### What you have to do
Starting at the line that contains "1.92 Ct. Emerald from Zambia Size Video", transcribe each line through the end of the material below, exactly and nothing else, leaving out the pictures.

### Listed entries
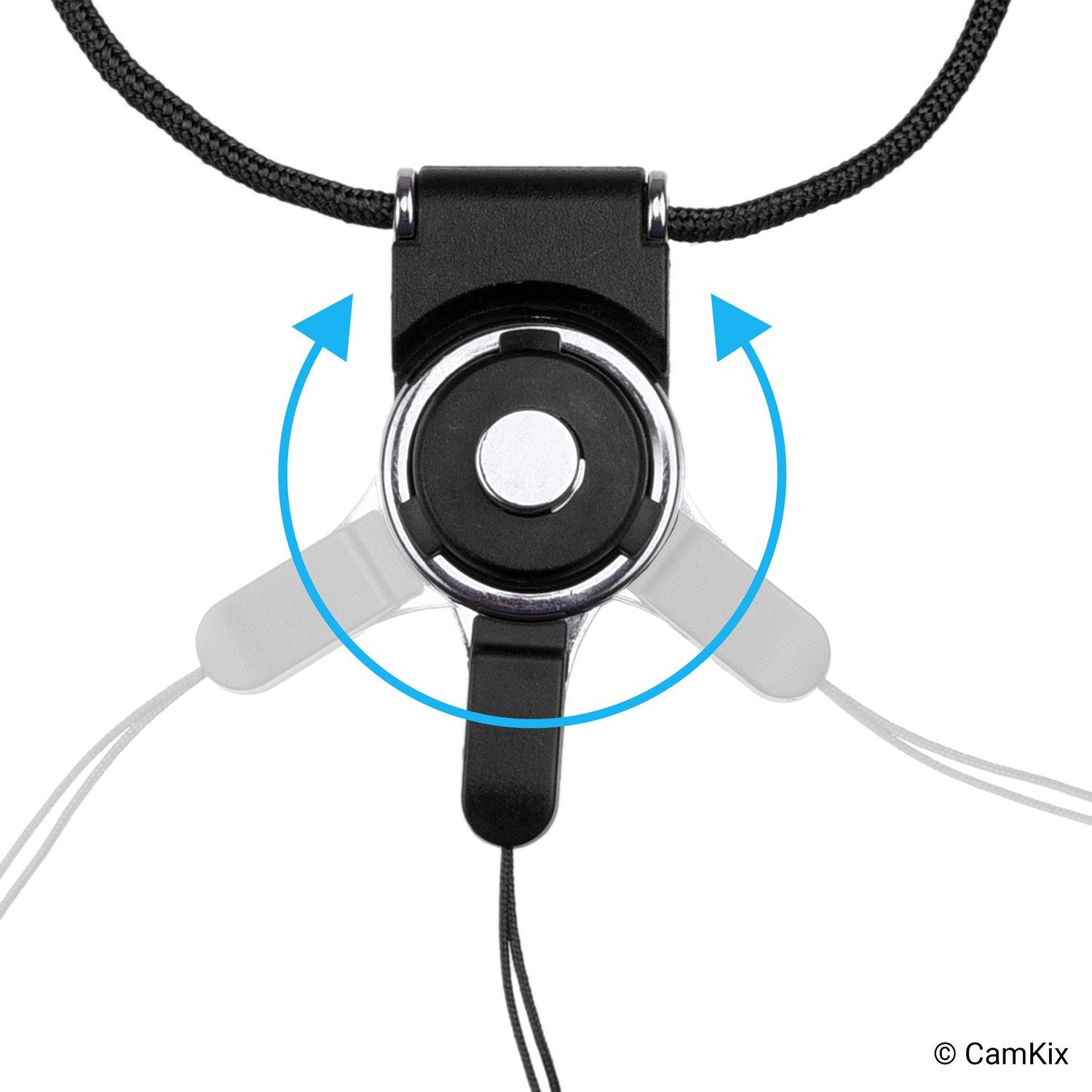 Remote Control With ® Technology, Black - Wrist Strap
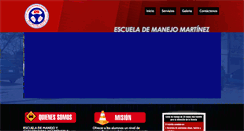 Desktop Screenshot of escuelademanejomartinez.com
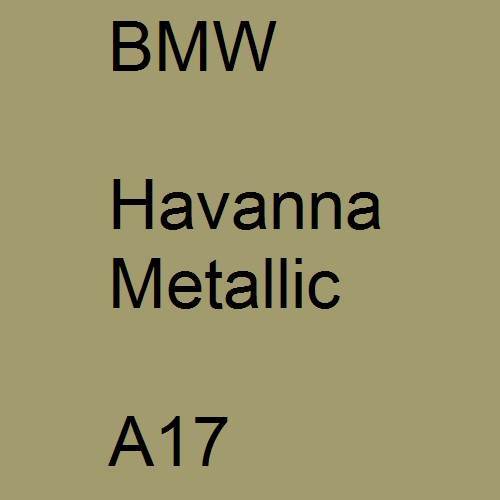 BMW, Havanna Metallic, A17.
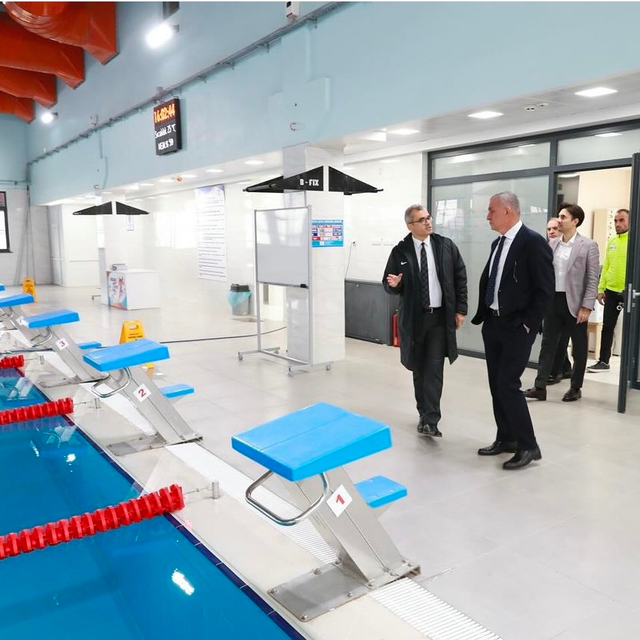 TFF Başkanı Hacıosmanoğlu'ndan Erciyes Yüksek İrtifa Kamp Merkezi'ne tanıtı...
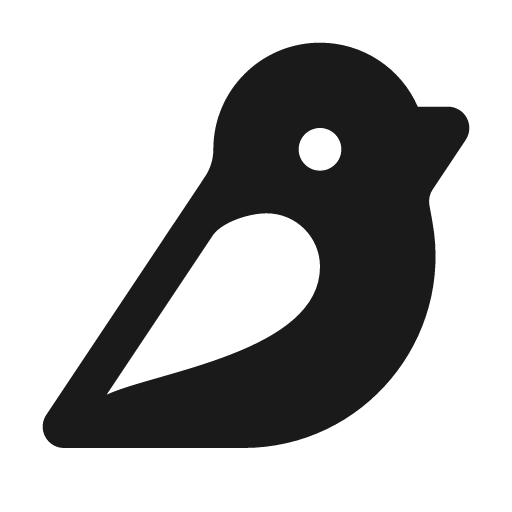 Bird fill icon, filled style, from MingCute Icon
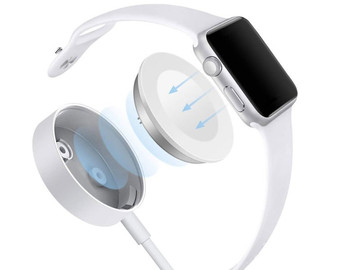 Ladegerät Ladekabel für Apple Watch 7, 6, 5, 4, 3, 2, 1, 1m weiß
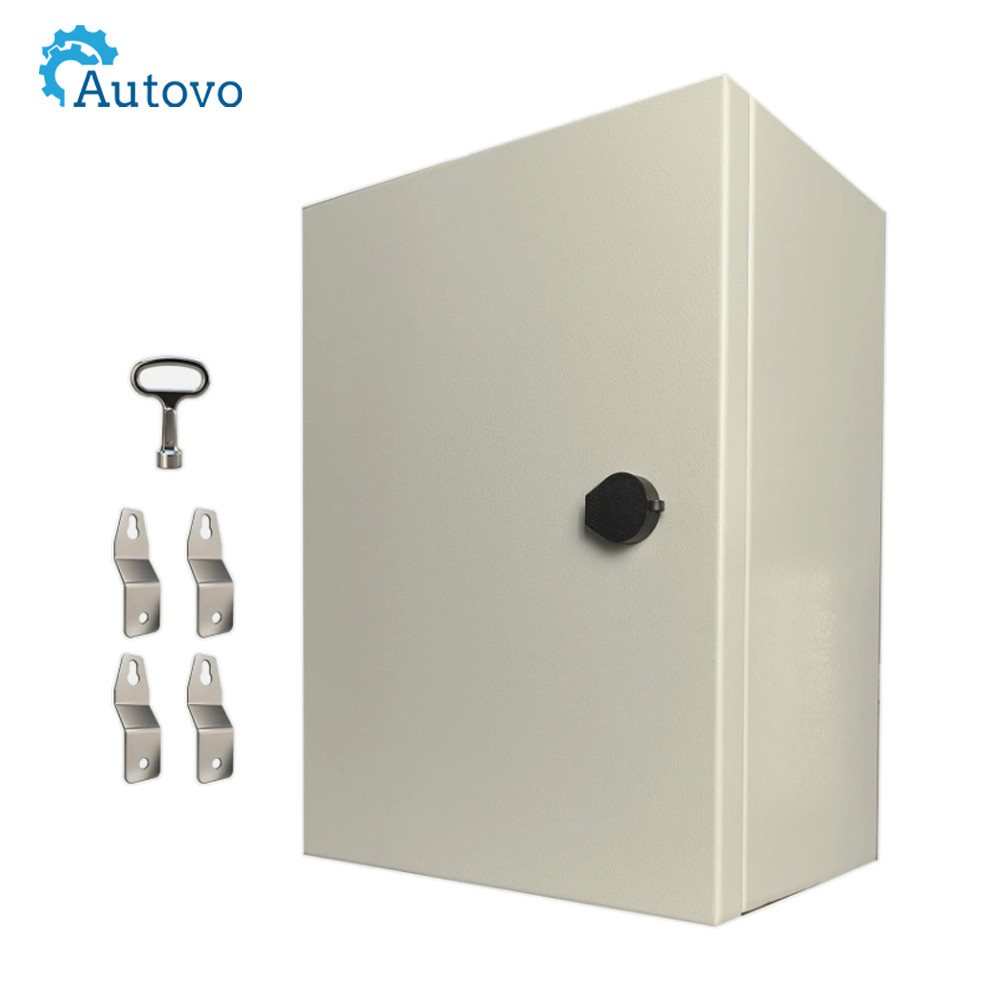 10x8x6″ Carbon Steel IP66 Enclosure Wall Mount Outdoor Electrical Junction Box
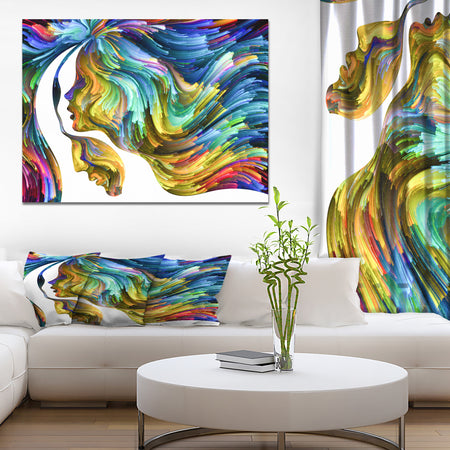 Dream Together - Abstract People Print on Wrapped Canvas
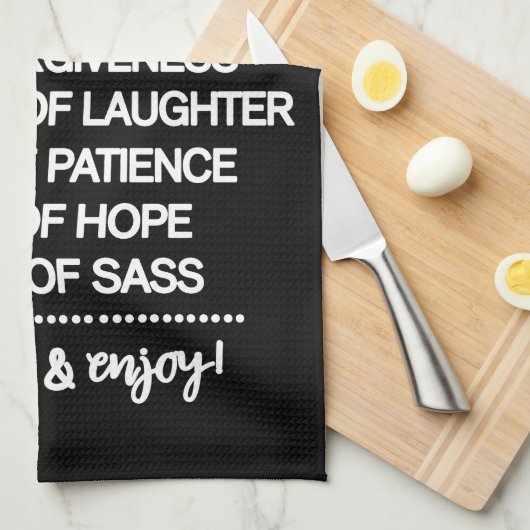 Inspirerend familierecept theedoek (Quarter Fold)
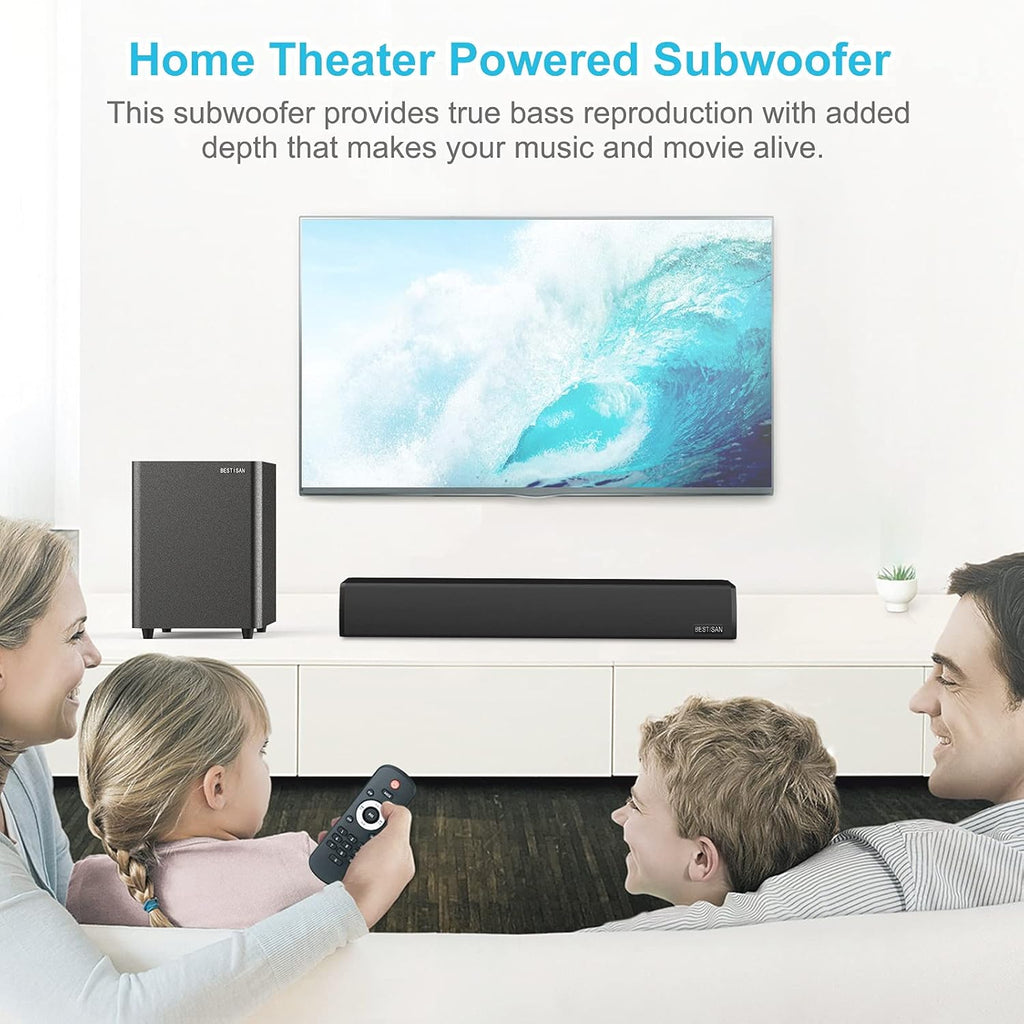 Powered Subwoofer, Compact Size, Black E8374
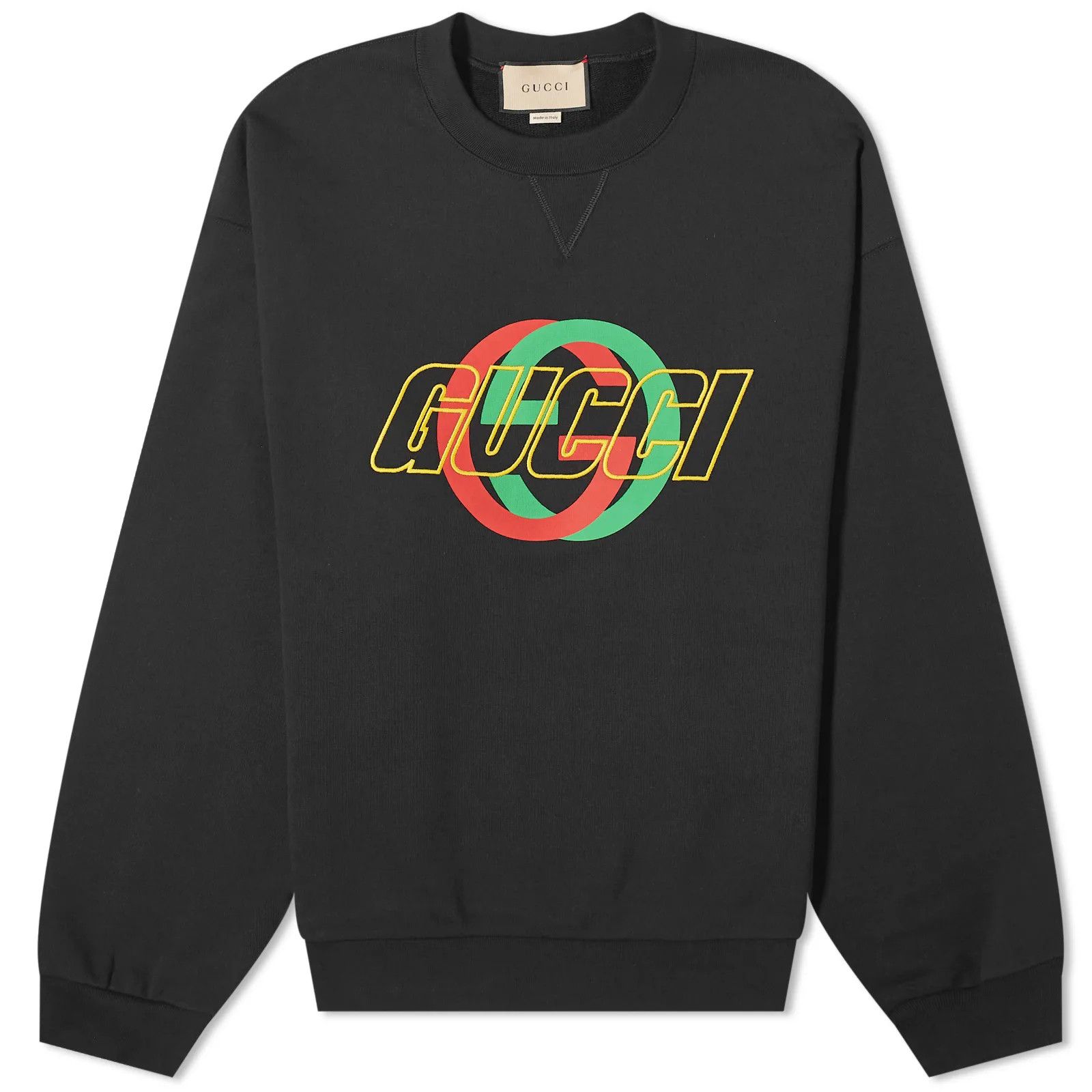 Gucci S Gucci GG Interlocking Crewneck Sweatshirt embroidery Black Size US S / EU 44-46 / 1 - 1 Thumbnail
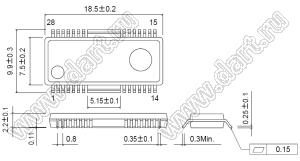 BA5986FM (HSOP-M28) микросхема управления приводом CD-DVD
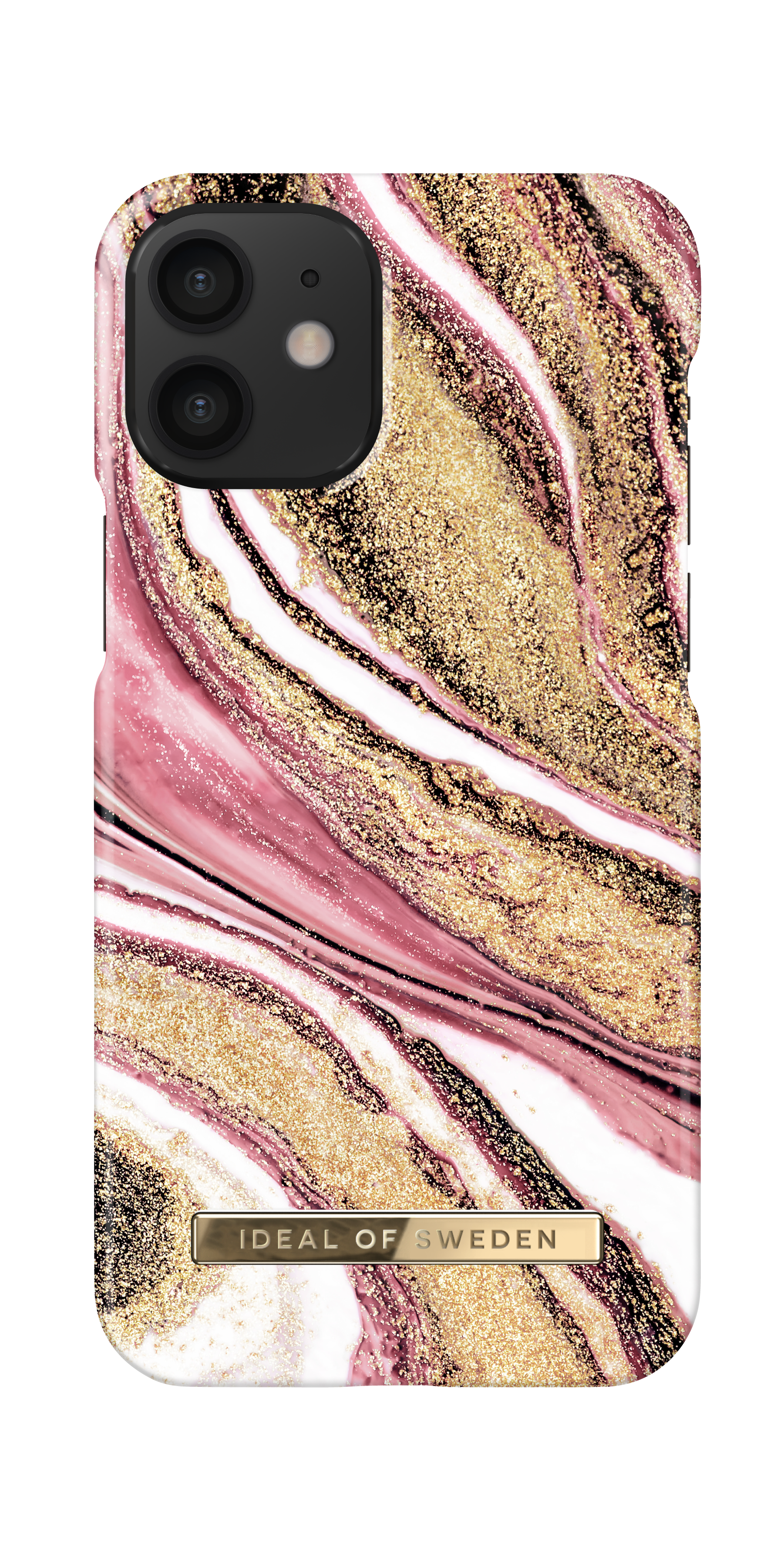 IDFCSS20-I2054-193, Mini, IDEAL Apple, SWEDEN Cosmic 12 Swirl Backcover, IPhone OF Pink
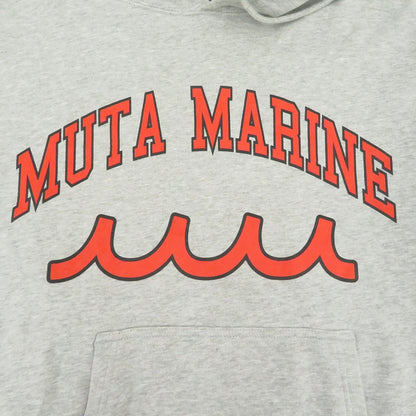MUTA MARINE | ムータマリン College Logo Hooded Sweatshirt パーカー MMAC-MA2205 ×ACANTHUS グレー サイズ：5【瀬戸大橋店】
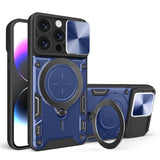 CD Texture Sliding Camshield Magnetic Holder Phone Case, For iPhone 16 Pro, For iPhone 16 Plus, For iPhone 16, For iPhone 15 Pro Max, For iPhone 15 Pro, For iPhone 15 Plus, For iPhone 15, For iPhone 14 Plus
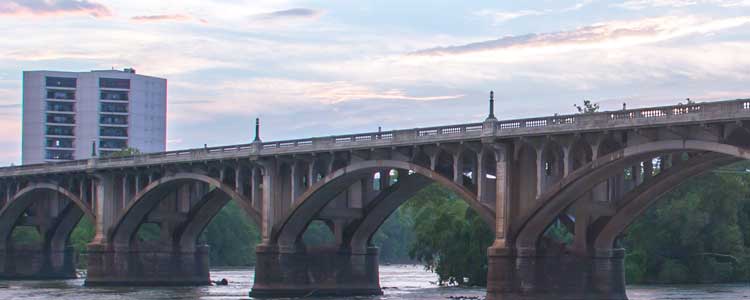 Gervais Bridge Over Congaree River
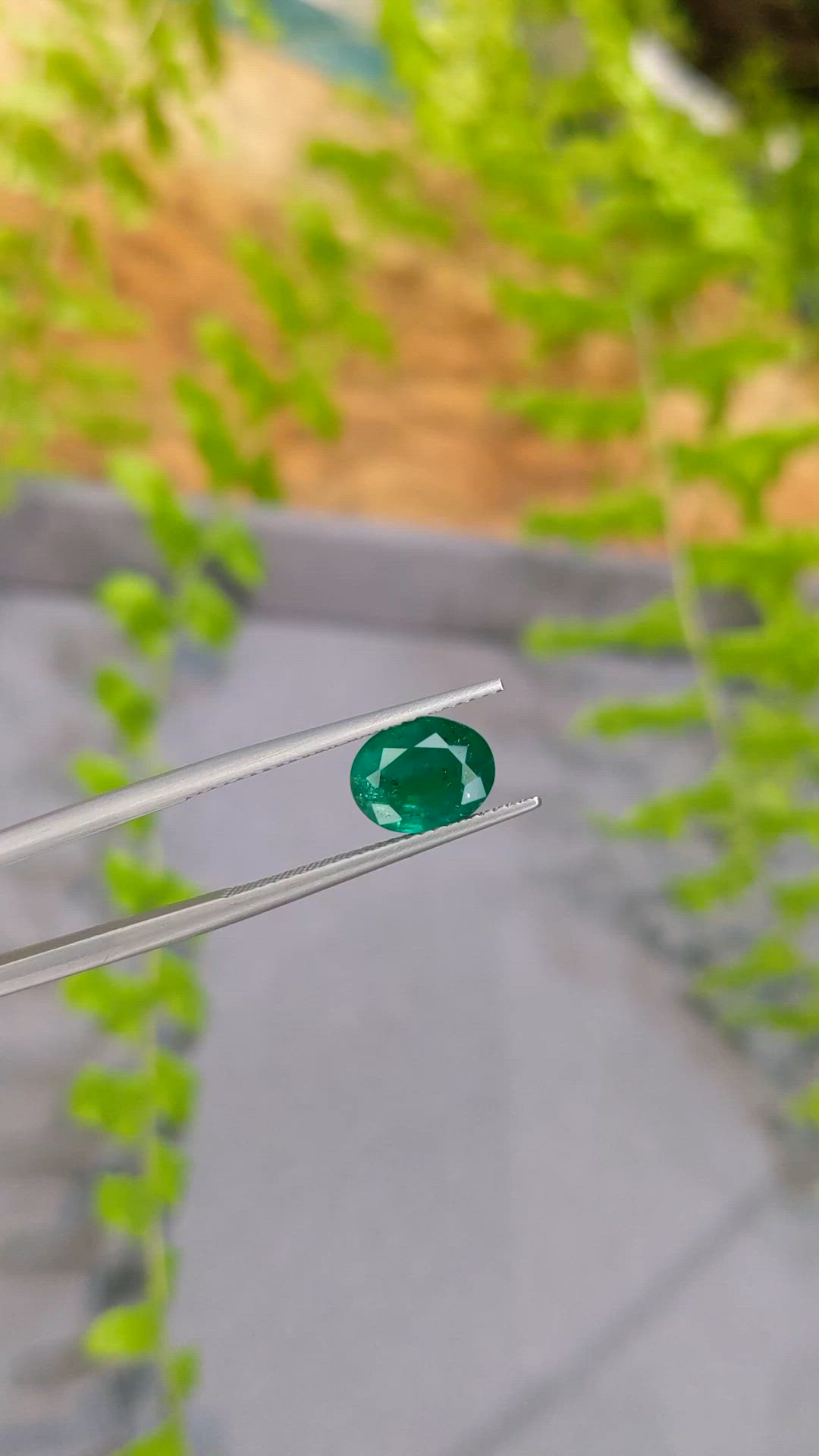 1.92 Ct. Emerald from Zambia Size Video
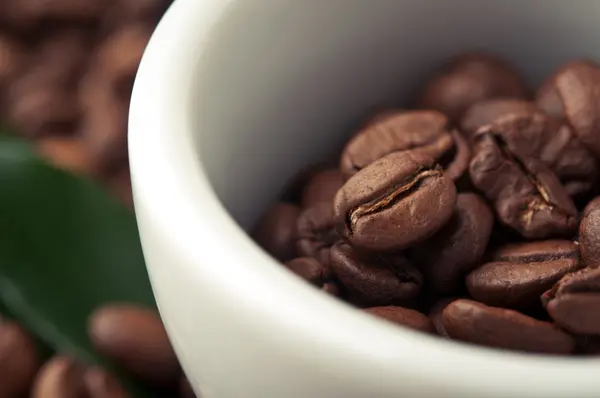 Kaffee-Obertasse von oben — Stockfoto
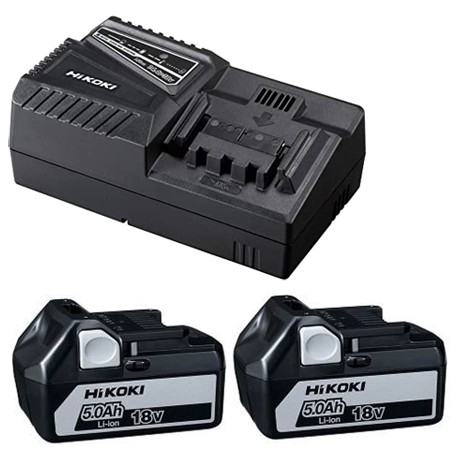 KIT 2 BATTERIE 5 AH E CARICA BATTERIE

### Solution to the exercise
 1.92 Ct. Emerald from Zambia Size Video
 Kaffee-Obertasse von oben — Stockfoto
 KIT 2 BATTERIE 5 AH E CARICA BATTERIE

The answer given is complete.